Correct calendar attribute for recognition by xarray.

Some datasets come with a wrong calendar attribute that isn’t recognized by xarray. This function corrects the coordinate attribute to ensure that a calendar attribute exists and specifies a calendar alias that is supportable by xarray.cftime_range and NetCDF in general.

Currently ensures that calendar attributes that are either specified with units="months since" or calendar="360" explicitly have calendar="360_day". This is based on discussions in this GitHub issue. If and when further issues are found with calendar attributes, support for conversion will be added here.

Parameters:

inplace (bool, optional) – If True, it will modify the dataarray in place. Otherwise it will return a modified copy.

Returns:

Data array or dataset with transformed calendar coordinate.

Return type:

Union[xarray.DataArray, xarray.Dataset]

Examples

>>> import xarray
>>> import numpy
>>> da = xarray.DataArray(
...  numpy.arange(64).reshape(4,4,4),
...  coords={"lat":numpy.array([87, 88, 89, 90]),
...          "lon":numpy.array([5, 120, 199, 360]),
...          "t":numpy.array([10,11,12,13])}
... )
>>> da["t"].attrs["units"] = "months since 1960-01-01"
>>> da_crct = da.oap.correct_calendar()
>>> da_crct["t"].attrs["calendar"]
'360_day'
invert_coordinates(inplace: bool = False) DataArray | Dataset | None[source]

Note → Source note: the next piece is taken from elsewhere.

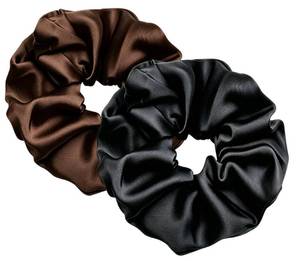 lot 12008 image: Utaly Jumbo Satin Silk Scrunchies Black and Coffee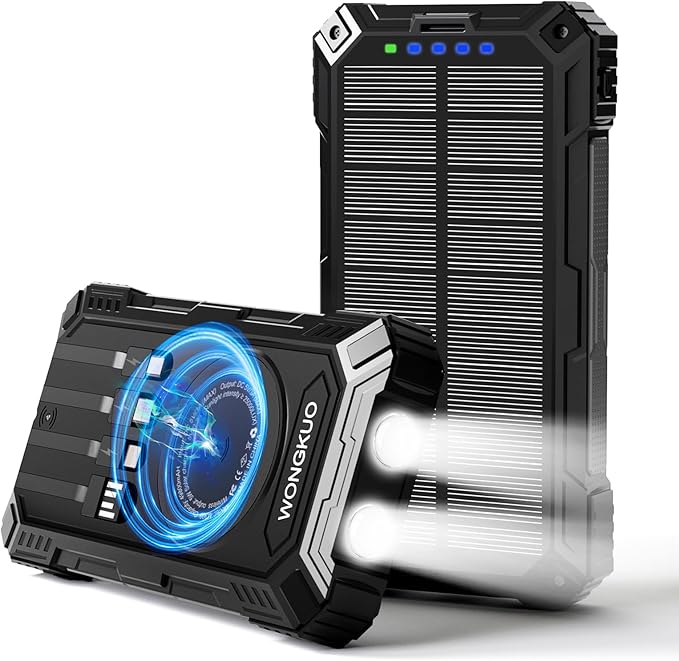 WONGKUO Solar Charger Power Bank - 49800mAh Solar Phone Charger with USB-C in/Output, QC 3.0 Fast Charging with LED Flashlight, Built-in 4 Cables, IP65 Waterproof Fits for Outdoor (Flash Black)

Invert latitude and longitude in data array.

This function checks for inversion of latitude and longitude and inverts them if needed. Datasets with inverted coordinates can produce incorrect results in certain functions like rasterstats.zonal_stats(). Correctly ordered coordinates should be:

  • latitude: Largest to smallest.

  • longitude: Smallest to largest.

If data array already has correct coordinate ordering, it is directly returned. Function largely copied from https://github.com/perrygeo/python-rasterstats/issues/218.

Parameters:

inplace (bool, optional) – If True, will overwrite existing data array. Default is False.

Returns:

Data array or dataset with correct coordinate ordering.

Return type:

Union[xarray.DataArray, xarray.Dataset]

Examples

>>> import xarray
>>> import numpy
>>> da = xarray.DataArray(
...  numpy.arange(16).reshape(4,4),
...  coords={"lat":numpy.array([87, 88, 89, 90]),
...          "lon":numpy.array([70, 69, 68, 67])}
... )
>>> da.oap.invert_coordinates(inplace=True)
>>> da.get_index("lon")
Index([67, 68, 69, 70], dtype='int64', name='lon')
>>> da.get_index("lat")
Index([90, 89, 88, 87], dtype='int64', name='lat')
property longitude_range

The longitude range.

The longitude range indicates if coordinates are between -180 and 180 (indicated by ‘180’) or 0 and 360 (indicated by ‘360’).

Type:

str

set_time_dim(t_dim: str, inplace: bool = False) DataArray | Dataset | None[source]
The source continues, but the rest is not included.